【XXL-JOB】 XXL-JOB task sharding

Preface

xxl-job is a distributed task scheduling platform that supports scheduled tasks and sharded tasks. Among them, sharding tasks can split a large task into multiple small tasks and execute them in a distributed manner to improve task execution efficiency and reliability. Among shard tasks, there is a special task type called shard broadcast task, which can broadcast a task to all executor nodes for execution, which is essentially a parallel execution method.

Detailed tutorial on xxl-job shard broadcast task

create task

In the management background of xxl-job, create a fragment broadcast task. Set the basic information of the task, including task name, task description, task type (shard broadcast), executor routing strategy, etc.

Write task code

To write task execution code, you can use Java, Python, Shell and other languages. An execute method needs to be implemented in the code to execute specific task logic. In a shard broadcast task, the execute method will only be executed once on one executor node, so concurrent execution needs to be considered.

Fragmentation parameter settings

On the executor node, you need to set the sharding parameters to specify the sharding information of the task.
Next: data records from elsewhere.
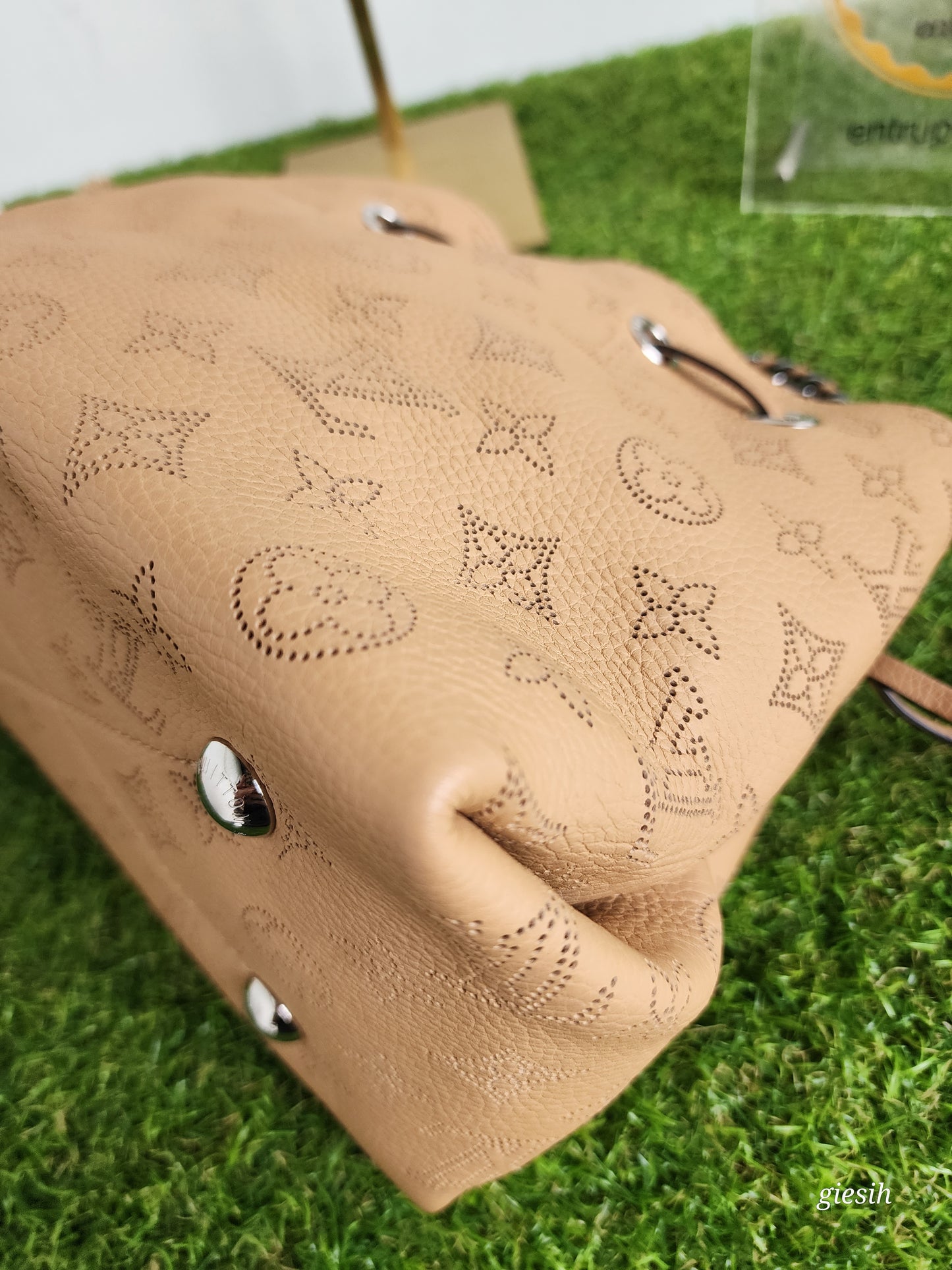 Louis Vuitton Bella Mahina leather
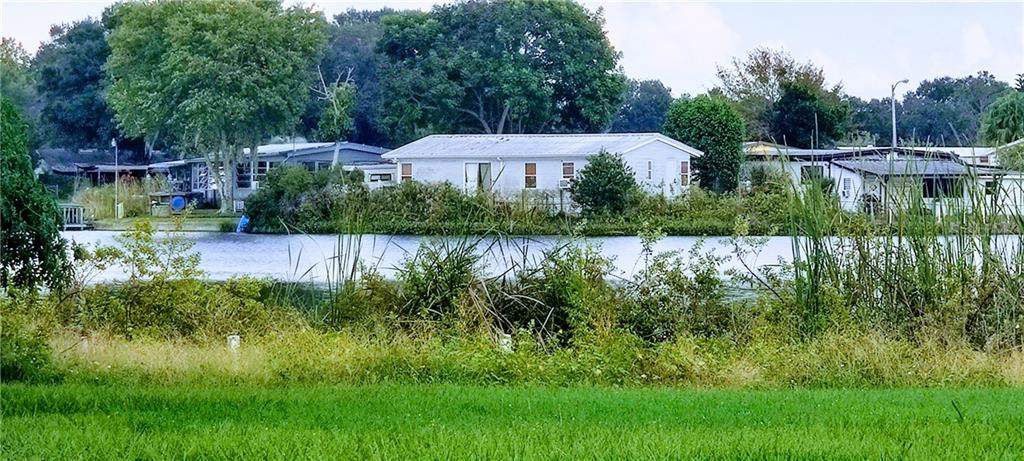 1206 Country Club Lane - Photo 1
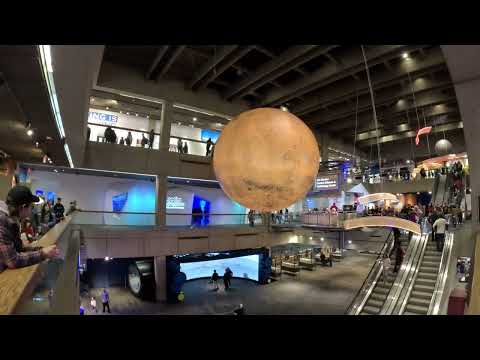Museum of Science Boston 4K - 2nd Level Tour and Description of Layout, What, Where - 🌎🚊👨🏾‍🎨🌳🧑🏾‍🔬🔭🥼🔬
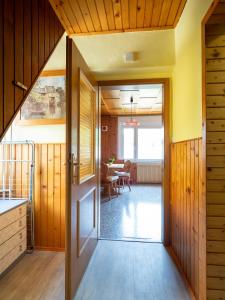 eine offene Tür in eine Küche mit einem Esszimmer in der Unterkunft Kiara rooms in Jesenice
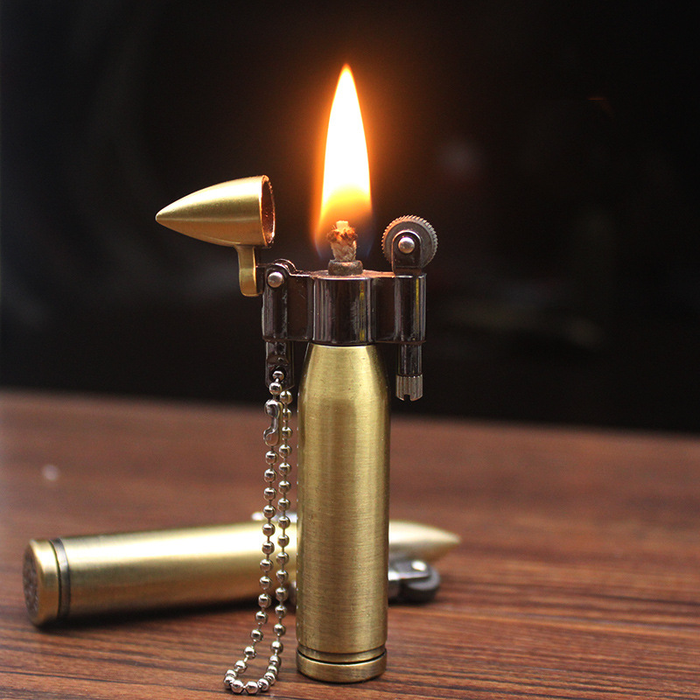 Retro Bullet Flint Free Fire Lighter Torch Grinding Wheel Oil Keychain Lighter New Metal Cigar Cigarette Lighter Gadget for Man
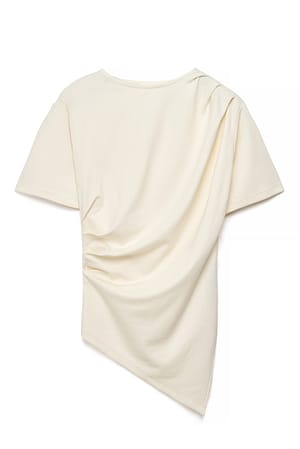 Offwhite T-Shirt mit Rüschen an der Taille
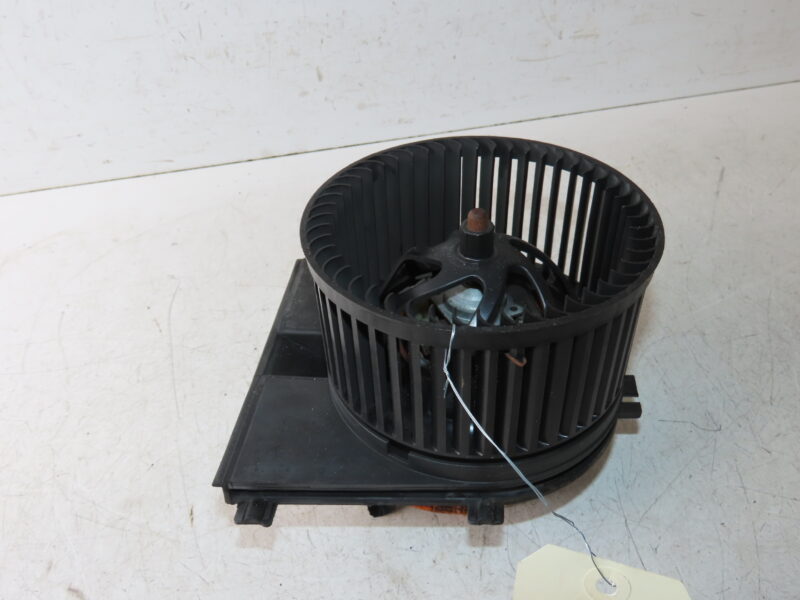 VOLKSWAGEN-MOTEUR VENTILATEUR CHAUFFAGE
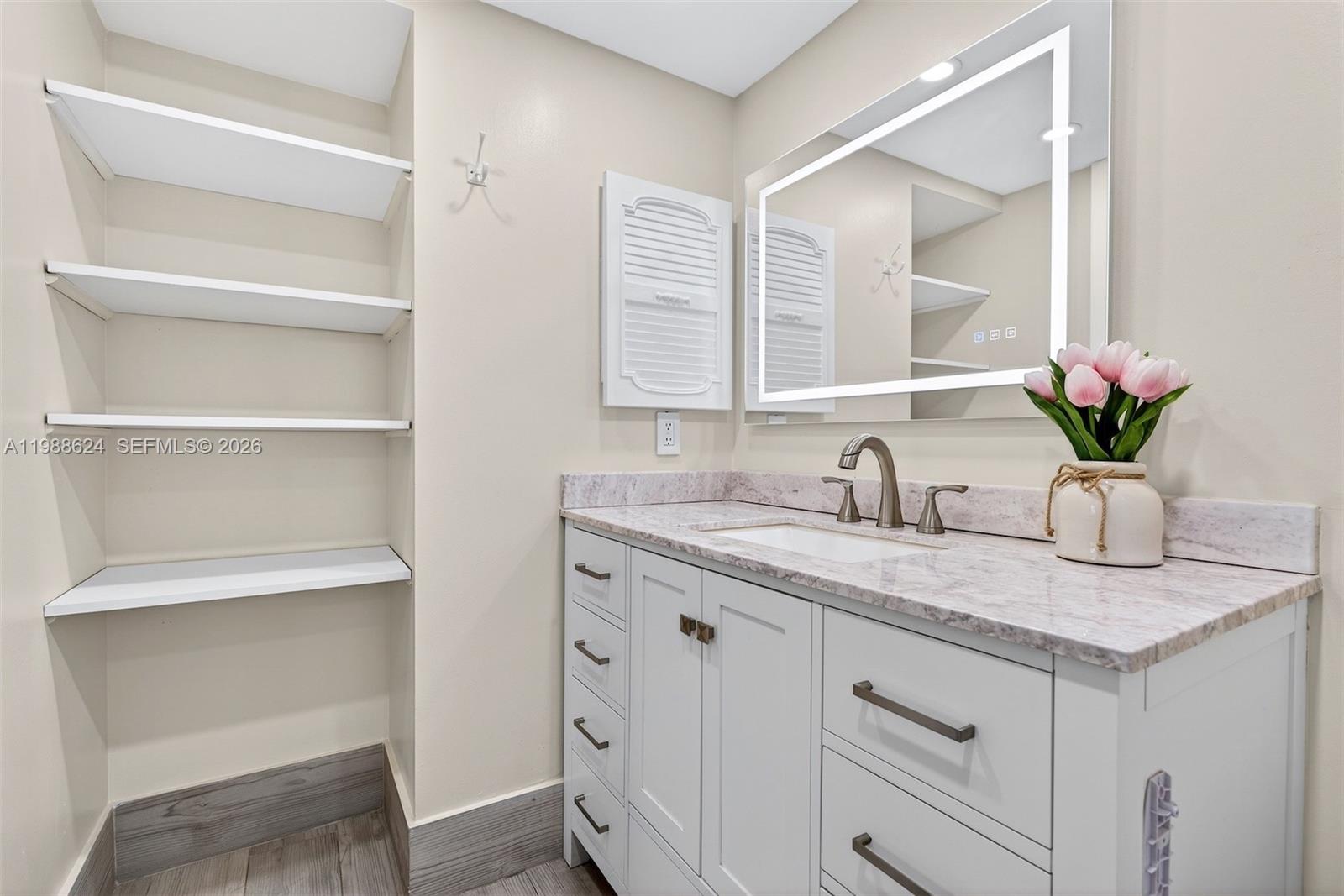 IVANHOE WEST - Residential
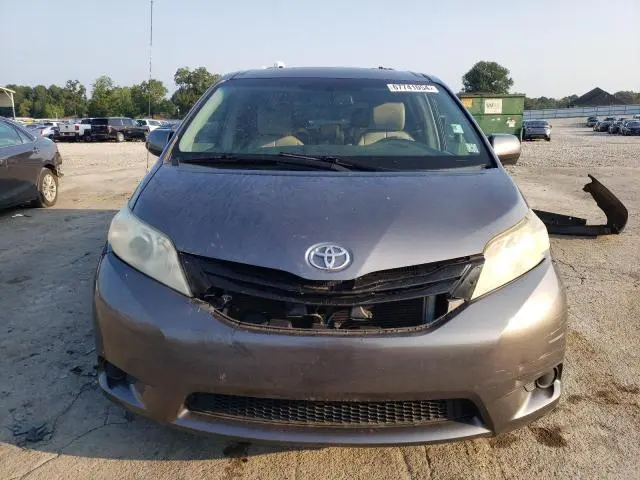 2011 TOYOTA SIENNA LE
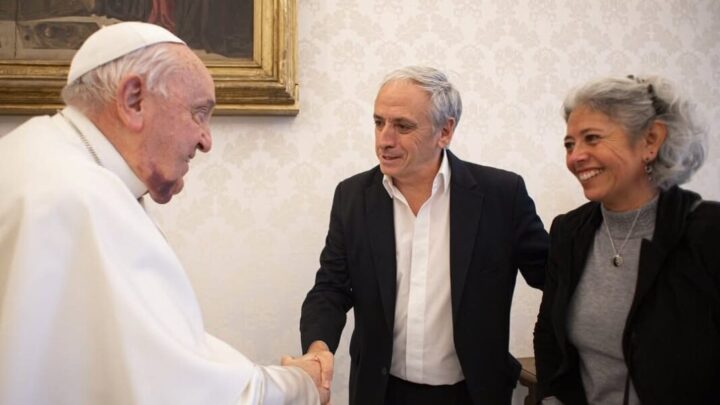 Emotivo e histórico encuentro entre el Intendente de Chascomús con el Papa Francisco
Sharding parameters include the total number of shards and the current shard items, which can be obtained through the xxl-job API.

perform tasks

On the executor node, start the executor program of xxl-job and wait for task scheduling. When a task is scheduled, the executor will automatically execute the execute method of the task and pass in the sharding parameters. In the execute method, the specific logic of the task can be implemented based on the sharding parameters.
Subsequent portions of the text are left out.